Bolt Cutters



 
Angry, the king sent the man to prison to be tortured until he had paid his entire debt. Matt 18:34

It has been said that unforgiveness is like drinking poison and expecting the other person to die. That's exactly what Jesus meant when He told this parable about the king and the ungrateful servant. The servant had been forgiven of a huge debt he could never repay; yet, he refused to extend that same kindness to his fellow servant. When he refused to forgive as he had been forgiven, he paid the price for his selfishness. He had to live in torment because of his unforgiveness. So do we. 

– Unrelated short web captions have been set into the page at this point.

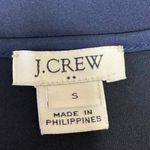 J.Crew Blue Silky Satin Sleeveless Cami Camisole Midi Maxi Slip Tank Dress Sz S Photo 3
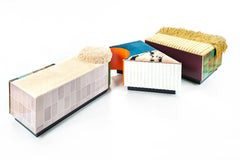 Set of Come As You Are Seat Ensemble by Lyk Carpet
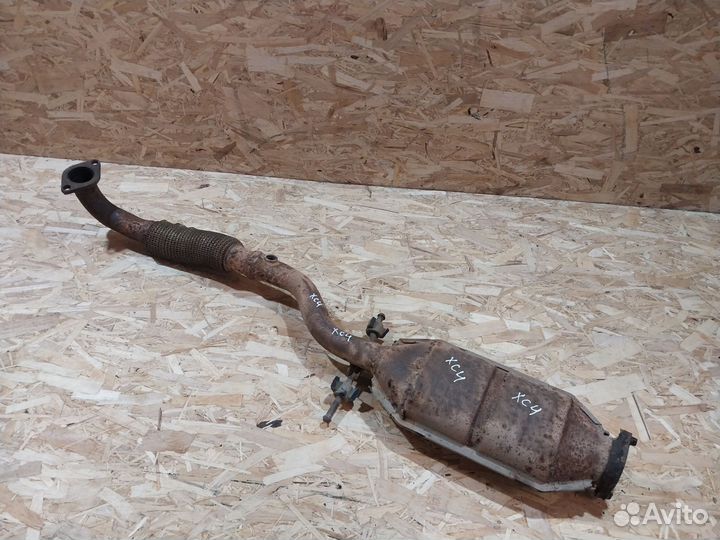 Приемная труба Hyundai Sonata 4 EF с катализатором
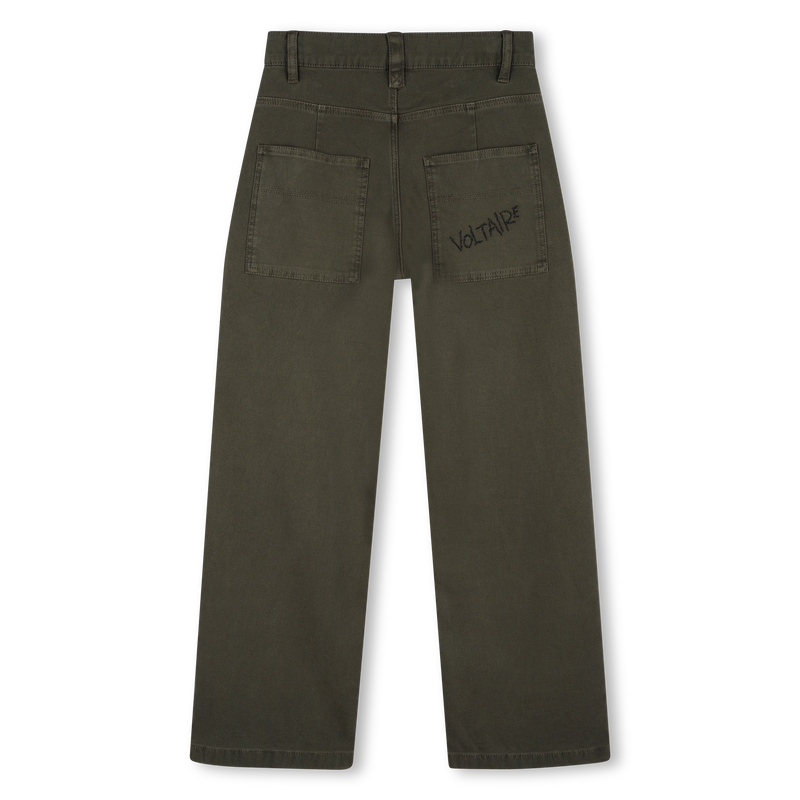 HOSE MIT WEITEM BEIN ZADIG & VOLTAIRE 
                        M&Auml;DCHEN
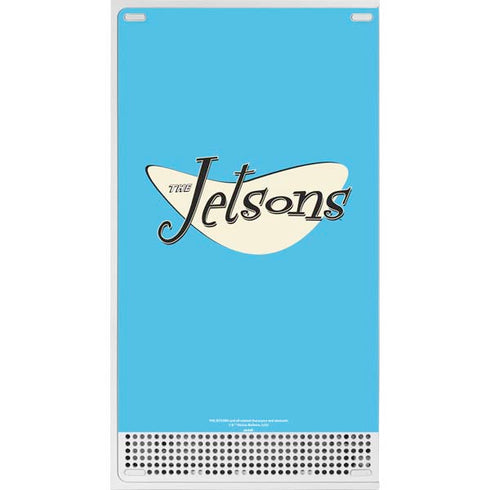 The Jetsons The Jetsons Logo Xbox Series S Skins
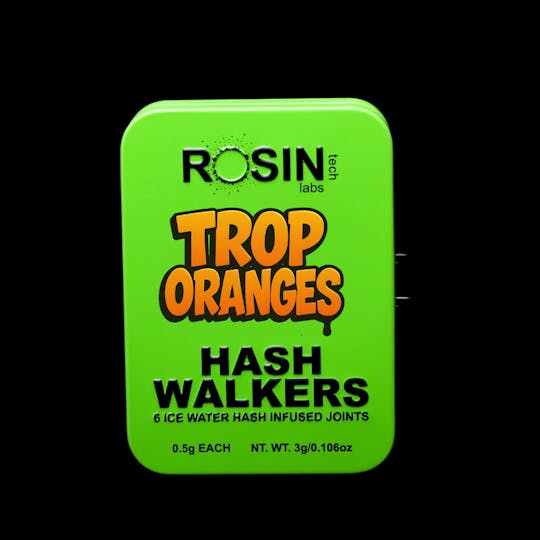 Rosin Tech Labs - Hash Walkers - Trop Oranges - 1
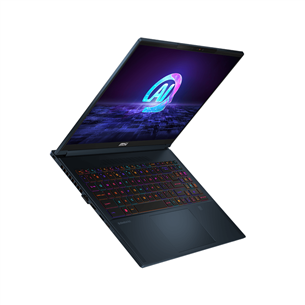 MSI Stealth 16 AI Studio A1VGG 20Y Anniversary Bundle, 16'', QHD+ 240 Hz, Ultra 9, 32 GB, 2 TB, RTX 4070, W11P, ENG, star blue - Notebook bundle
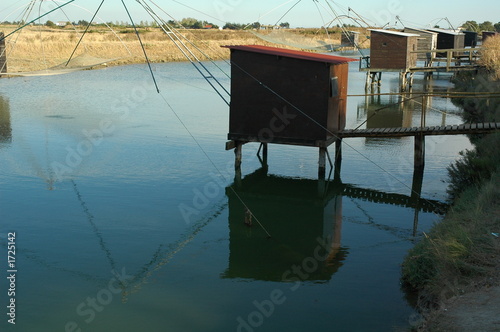 cabane au reflet photo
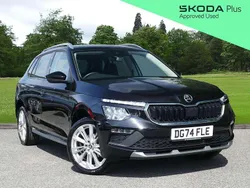 Black Used 2024 Skoda Kamiq SE L SUV | £21,295 (Expensive)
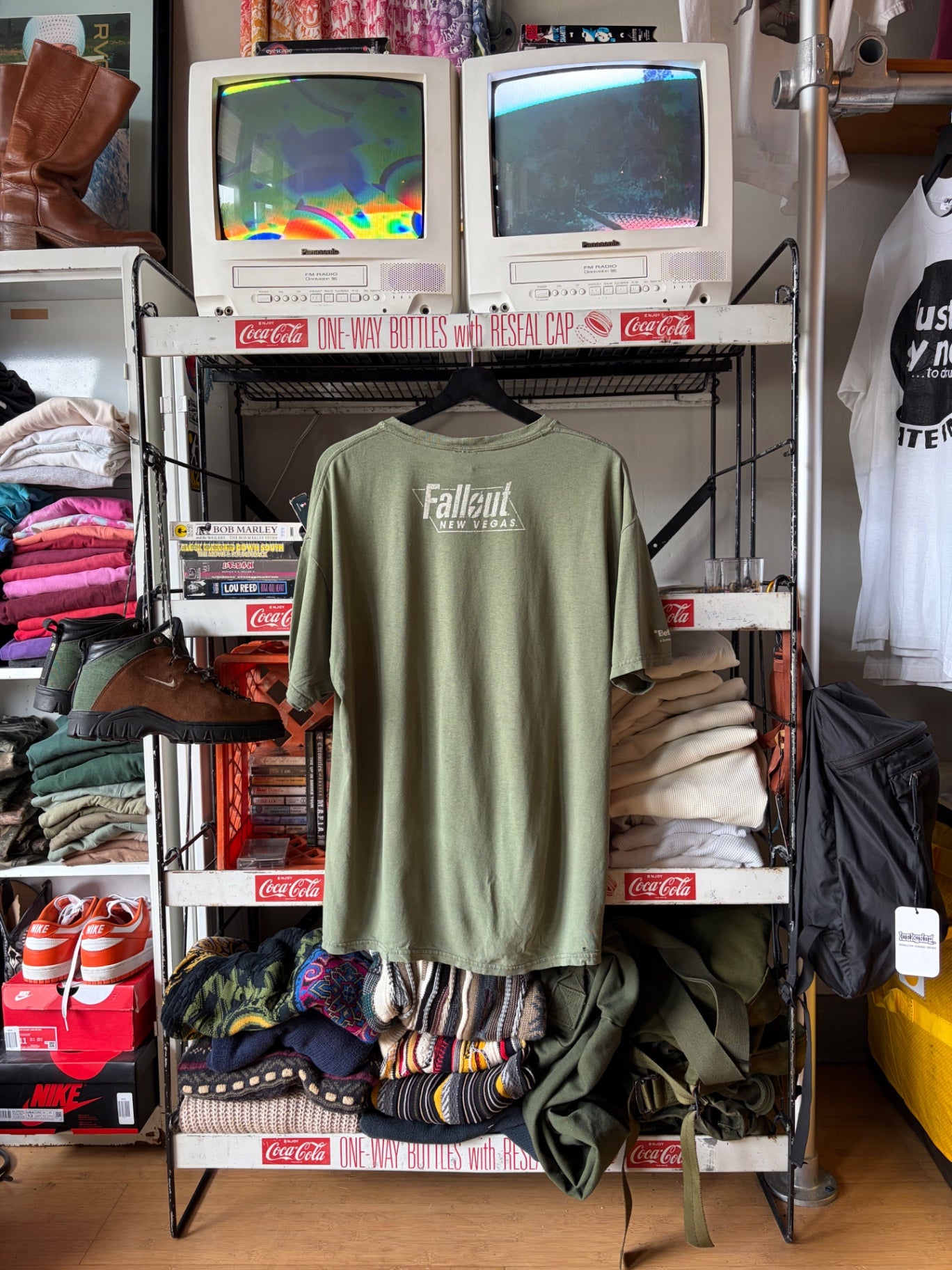 Fallout New Vegas Game tee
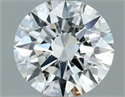 Diamante Natural 0.70 quilates, Redondo , Color G, claridad VS1 y certificado IGI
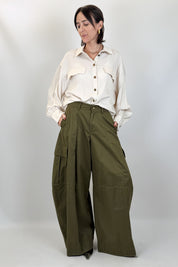 Pantalone maxi balloon cargo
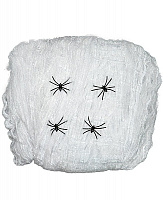 Свята |Halloween|Павутина і павуки|Павутина 500 гр декоративна Guirca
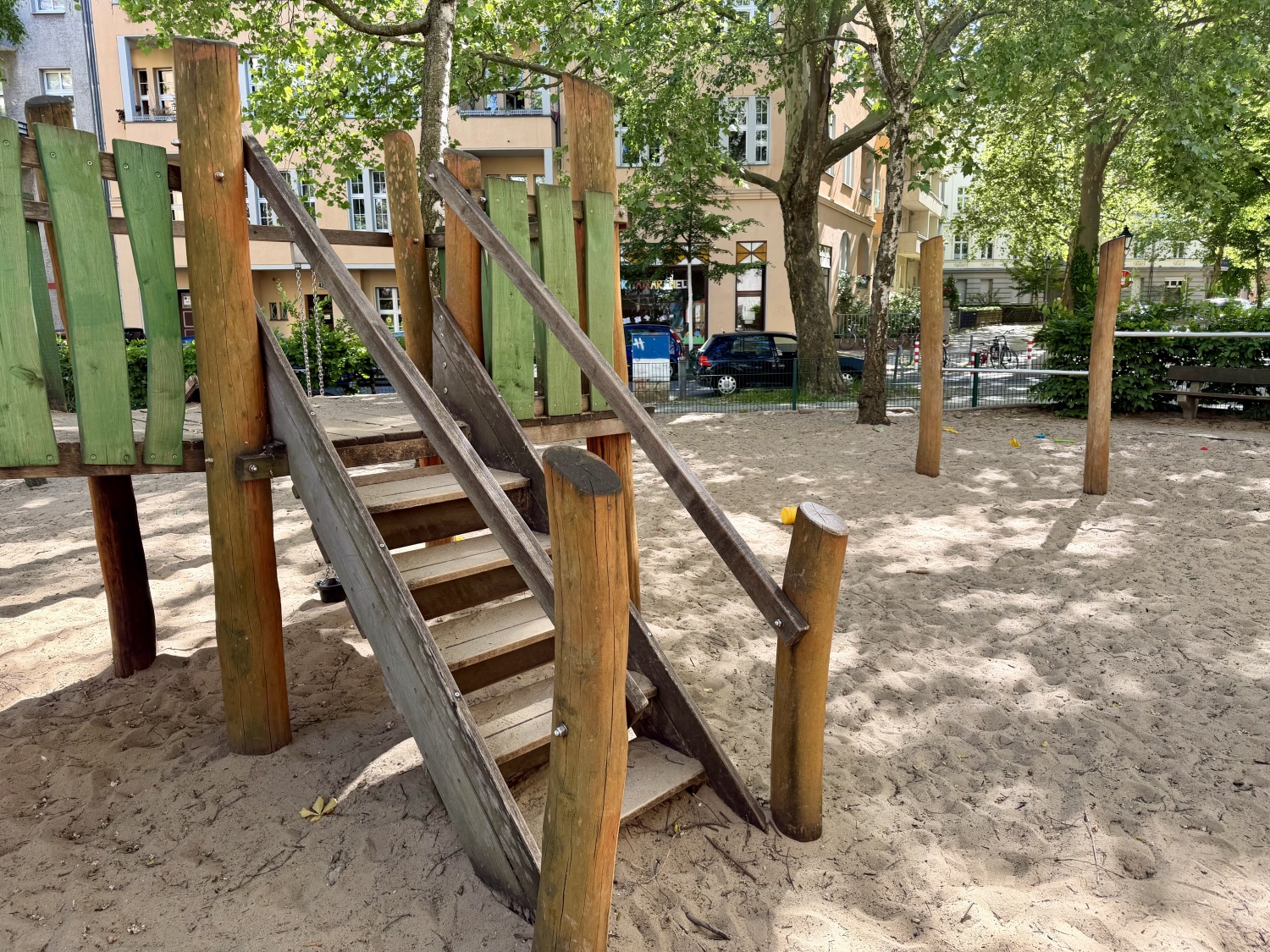 Spielplatz Gierkezeile 43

The idea of forgiveness is often offensive to us when we’ve been deeply hurt. We think that forgiveness means we are letting someone off the hook or saying that what they did was okay. Neither is true. If we refuse to forgive, we suffer for it. We open the door to the tormentors such as resentment, rage, bitterness, depression, fear, and physical ailments. Unforgiveness is a heavy chain wrapped around our lives, preventing us from enjoying the season we are in. Jesus offers us a pair of bolt cutters called Forgiveness. When we forgive, we cut those chains that keep us enslaved to the ones who hurt us. Forgiveness transfers ownership of that wrong into the hands of God and trusts Him with the outcome. With chains gone, we can enjoy life’s seasons, freed from the bondage of someone else’s choices.

Are you bound by chains of offense? Take the bolt cutters Jesus offers and free yourself.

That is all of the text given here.